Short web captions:
::::::

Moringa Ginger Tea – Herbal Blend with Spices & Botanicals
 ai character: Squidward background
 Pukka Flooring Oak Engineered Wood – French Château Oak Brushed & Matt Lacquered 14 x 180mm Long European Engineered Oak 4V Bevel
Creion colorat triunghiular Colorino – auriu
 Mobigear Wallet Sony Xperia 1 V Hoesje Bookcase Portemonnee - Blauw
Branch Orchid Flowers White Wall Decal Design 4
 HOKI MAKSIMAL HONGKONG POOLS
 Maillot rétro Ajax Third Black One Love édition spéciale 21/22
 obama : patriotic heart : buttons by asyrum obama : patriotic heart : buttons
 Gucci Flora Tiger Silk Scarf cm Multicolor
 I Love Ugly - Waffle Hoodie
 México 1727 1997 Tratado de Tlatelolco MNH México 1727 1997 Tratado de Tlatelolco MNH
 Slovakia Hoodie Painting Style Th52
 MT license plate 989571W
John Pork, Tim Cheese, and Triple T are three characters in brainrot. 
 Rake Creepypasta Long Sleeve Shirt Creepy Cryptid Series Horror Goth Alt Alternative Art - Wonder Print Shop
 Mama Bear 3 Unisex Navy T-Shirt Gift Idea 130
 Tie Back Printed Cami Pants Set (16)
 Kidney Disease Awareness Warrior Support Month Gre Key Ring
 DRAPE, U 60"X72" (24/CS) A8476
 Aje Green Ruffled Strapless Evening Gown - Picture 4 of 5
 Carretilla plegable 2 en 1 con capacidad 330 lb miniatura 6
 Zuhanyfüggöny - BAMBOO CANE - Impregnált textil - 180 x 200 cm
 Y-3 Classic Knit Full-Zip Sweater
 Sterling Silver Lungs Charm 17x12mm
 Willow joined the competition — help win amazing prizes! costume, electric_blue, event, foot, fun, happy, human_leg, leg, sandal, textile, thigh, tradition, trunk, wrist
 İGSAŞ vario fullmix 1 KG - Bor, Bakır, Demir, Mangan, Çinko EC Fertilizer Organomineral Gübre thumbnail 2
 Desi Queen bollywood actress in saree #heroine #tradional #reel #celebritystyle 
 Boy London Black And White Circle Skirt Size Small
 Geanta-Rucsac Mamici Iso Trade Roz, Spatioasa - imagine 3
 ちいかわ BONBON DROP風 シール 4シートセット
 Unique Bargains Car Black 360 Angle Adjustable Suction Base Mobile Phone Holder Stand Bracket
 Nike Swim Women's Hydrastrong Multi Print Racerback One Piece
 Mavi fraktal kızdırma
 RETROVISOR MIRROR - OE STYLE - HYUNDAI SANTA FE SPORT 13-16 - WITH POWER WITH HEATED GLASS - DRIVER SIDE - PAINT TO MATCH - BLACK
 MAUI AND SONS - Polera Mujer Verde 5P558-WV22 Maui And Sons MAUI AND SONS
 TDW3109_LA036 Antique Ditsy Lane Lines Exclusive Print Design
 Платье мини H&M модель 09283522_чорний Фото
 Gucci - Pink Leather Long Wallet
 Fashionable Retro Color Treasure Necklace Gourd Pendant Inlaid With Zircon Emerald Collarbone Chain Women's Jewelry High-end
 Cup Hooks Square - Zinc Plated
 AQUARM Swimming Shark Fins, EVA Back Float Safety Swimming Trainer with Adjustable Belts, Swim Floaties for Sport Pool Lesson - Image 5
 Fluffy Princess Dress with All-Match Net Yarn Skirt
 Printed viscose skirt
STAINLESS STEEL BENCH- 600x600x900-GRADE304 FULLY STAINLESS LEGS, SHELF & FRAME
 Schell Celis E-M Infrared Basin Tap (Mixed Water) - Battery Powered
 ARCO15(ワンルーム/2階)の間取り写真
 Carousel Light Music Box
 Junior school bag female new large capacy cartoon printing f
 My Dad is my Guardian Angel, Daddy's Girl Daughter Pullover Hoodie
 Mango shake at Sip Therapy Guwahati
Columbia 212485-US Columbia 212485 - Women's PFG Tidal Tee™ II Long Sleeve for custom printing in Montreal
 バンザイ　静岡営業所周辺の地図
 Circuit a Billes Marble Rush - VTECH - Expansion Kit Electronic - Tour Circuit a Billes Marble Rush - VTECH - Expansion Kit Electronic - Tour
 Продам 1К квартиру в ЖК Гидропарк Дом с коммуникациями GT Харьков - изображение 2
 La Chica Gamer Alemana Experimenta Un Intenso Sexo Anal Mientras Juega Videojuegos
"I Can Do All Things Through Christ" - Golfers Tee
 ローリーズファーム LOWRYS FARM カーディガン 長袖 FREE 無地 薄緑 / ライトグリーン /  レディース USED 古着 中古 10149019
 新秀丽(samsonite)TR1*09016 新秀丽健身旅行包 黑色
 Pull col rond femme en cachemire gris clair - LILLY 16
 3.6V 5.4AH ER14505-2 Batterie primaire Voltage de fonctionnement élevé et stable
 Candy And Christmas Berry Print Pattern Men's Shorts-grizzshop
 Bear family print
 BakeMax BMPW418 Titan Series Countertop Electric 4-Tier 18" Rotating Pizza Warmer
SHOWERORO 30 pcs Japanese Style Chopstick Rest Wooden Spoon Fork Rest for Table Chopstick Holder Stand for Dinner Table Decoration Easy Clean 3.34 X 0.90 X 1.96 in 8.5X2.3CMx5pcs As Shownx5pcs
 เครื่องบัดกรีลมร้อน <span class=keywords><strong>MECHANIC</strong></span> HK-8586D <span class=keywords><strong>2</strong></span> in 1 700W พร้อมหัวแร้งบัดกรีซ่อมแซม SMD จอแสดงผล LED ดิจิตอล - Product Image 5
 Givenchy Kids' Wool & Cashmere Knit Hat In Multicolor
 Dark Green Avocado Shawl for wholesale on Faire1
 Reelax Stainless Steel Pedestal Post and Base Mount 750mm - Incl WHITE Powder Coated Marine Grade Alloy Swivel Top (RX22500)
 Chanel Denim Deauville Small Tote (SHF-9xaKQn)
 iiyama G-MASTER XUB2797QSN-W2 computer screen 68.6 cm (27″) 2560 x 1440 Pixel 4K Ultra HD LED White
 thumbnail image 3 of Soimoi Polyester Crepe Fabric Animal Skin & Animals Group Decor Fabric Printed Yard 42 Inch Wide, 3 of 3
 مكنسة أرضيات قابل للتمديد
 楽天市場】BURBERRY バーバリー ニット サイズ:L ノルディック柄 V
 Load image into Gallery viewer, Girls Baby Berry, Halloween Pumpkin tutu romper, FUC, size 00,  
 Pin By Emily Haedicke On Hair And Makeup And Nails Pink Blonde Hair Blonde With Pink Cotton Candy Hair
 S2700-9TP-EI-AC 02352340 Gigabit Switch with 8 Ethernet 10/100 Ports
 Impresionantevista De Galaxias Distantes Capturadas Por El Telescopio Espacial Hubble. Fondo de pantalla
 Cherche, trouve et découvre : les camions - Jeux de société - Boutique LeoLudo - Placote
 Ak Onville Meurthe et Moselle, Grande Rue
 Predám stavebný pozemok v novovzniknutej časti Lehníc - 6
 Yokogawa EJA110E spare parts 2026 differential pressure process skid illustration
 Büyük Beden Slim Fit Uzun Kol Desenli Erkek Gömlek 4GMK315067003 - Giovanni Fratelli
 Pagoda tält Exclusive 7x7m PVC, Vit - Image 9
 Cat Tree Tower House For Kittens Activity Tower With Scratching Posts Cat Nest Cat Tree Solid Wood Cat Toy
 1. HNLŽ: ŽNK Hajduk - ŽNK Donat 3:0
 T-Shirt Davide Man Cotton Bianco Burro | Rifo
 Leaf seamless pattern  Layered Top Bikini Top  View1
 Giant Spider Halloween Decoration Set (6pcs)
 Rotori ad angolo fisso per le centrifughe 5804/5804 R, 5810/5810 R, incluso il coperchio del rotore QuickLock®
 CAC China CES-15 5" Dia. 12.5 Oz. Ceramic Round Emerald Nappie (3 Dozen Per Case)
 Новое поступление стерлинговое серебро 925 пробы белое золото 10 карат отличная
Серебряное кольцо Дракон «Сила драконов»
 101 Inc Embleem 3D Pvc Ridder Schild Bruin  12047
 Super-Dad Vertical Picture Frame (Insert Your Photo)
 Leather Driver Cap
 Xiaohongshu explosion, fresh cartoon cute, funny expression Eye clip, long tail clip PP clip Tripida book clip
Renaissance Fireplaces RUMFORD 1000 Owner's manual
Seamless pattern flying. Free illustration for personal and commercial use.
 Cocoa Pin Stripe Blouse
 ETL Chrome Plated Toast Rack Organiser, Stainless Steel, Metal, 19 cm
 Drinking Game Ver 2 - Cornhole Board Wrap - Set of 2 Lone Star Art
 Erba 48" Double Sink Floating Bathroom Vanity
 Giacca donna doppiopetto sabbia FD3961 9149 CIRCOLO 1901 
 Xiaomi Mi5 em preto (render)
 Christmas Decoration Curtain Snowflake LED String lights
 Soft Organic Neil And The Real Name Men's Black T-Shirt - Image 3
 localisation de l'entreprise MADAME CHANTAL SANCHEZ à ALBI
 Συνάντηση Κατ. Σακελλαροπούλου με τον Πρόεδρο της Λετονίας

::::::

In the data above, find the line with "مكنسة أرضيات قابل للتمديد" and the line with "Pin By Emily". Retype both, plus every line between them, exactly.

 مكنسة أرضيات قابل للتمديد
 楽天市場】BURBERRY バーバリー ニット サイズ:L ノルディック柄 V
 Load image into Gallery viewer, Girls Baby Berry, Halloween Pumpkin tutu romper, FUC, size 00,  
 Pin By Emily Haedicke On Hair And Makeup And Nails Pink Blonde Hair Blonde With Pink Cotton Candy Hair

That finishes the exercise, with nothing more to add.